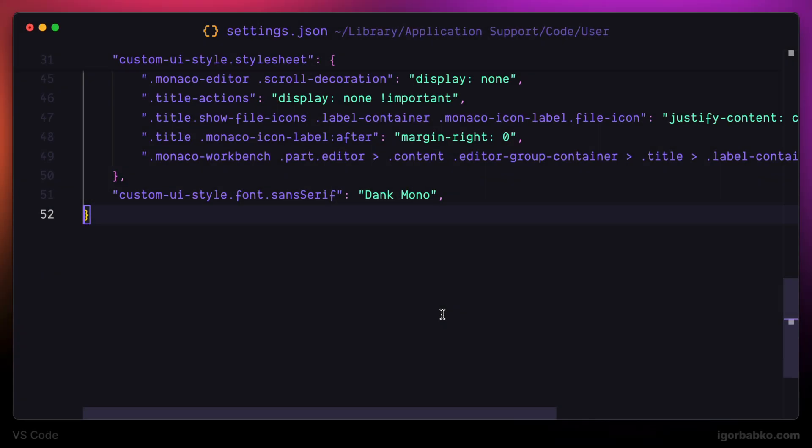By default, if we need to create multiple cursors, we firstly have to hold Option key and then click in those places where we want multiple cursors to appear.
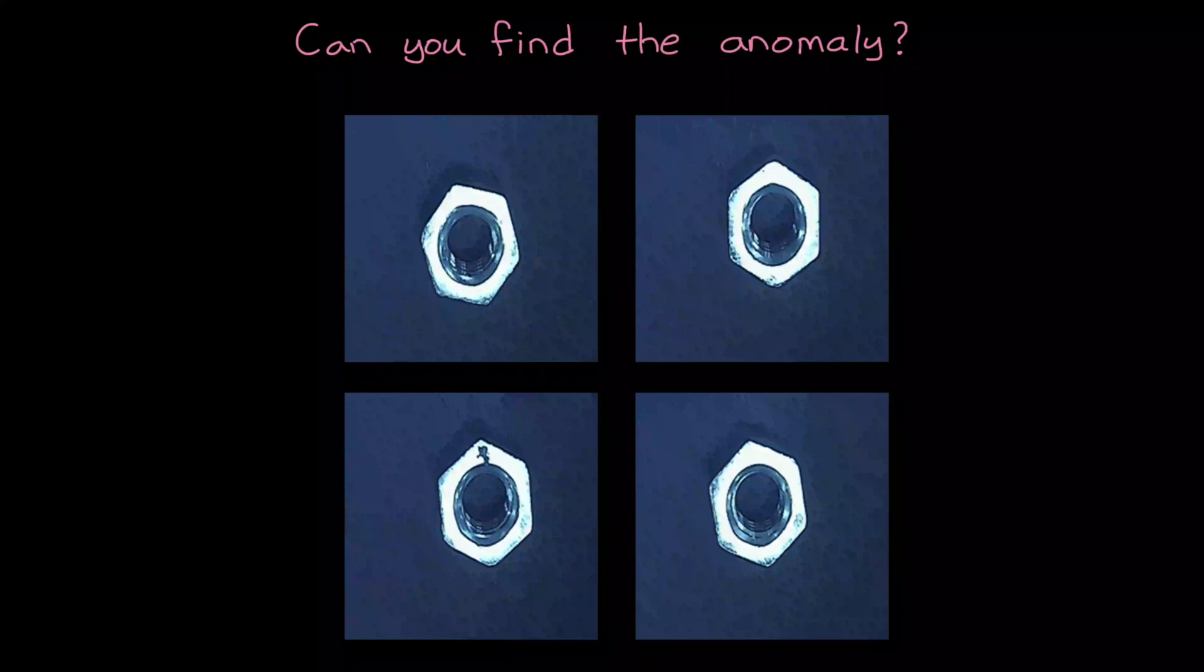One of these images is not like the other. Can you spot which one? All right, so this is pretty easy, but how about in time series data?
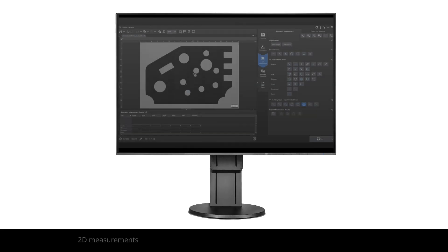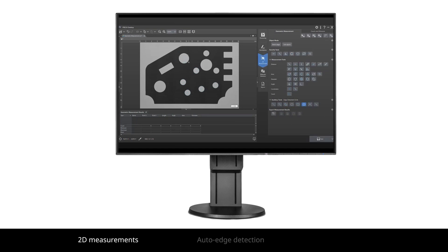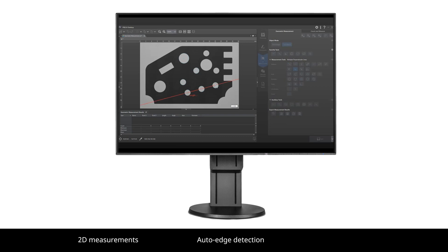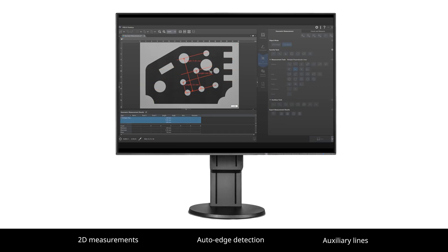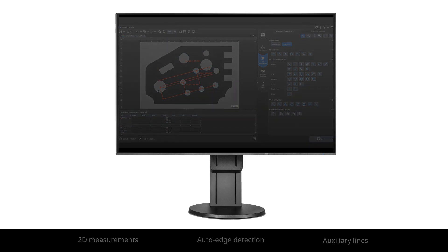The software's dedicated 2D measurement functions, such as auto-edge detection to reliably measure the distance between two points and auxiliary lines to make complex geometric measurements, give you the tools to meet your production and inspection challenges.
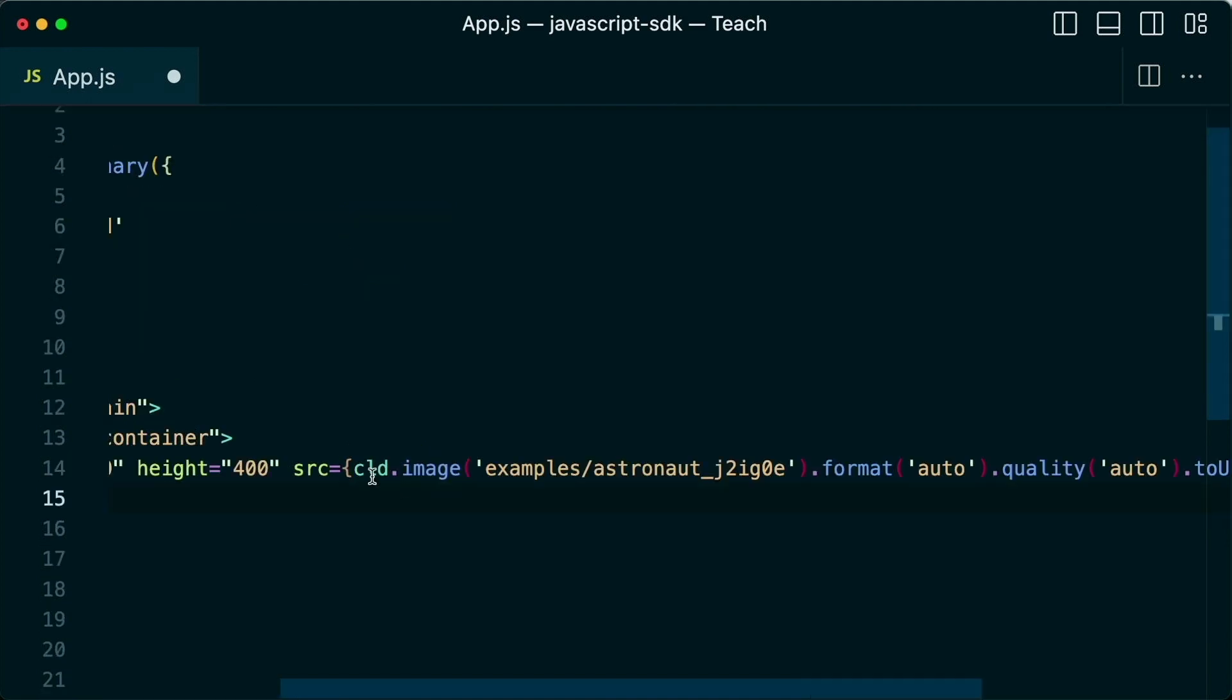we can use methods like CLD image that will allow us to add our images to a page, along with any other transformations and optimizations that we'd like.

WHAT TO WORK ON:
Would you set down every line of the data above exactly, skipping the pictures?

RESULT OF THIS EXERCISE:
By default, if we need to create multiple cursors, we firstly have to hold Option key and then click in those places where we want multiple cursors to appear.
One of these images is not like the other. Can you spot which one? All right, so this is pretty easy, but how about in time series data?
The software's dedicated 2D measurement functions, such as auto-edge detection to reliably measure the distance between two points and auxiliary lines to make complex geometric measurements, give you the tools to meet your production and inspection challenges.
we can use methods like CLD image that will allow us to add our images to a page, along with any other transformations and optimizations that we'd like.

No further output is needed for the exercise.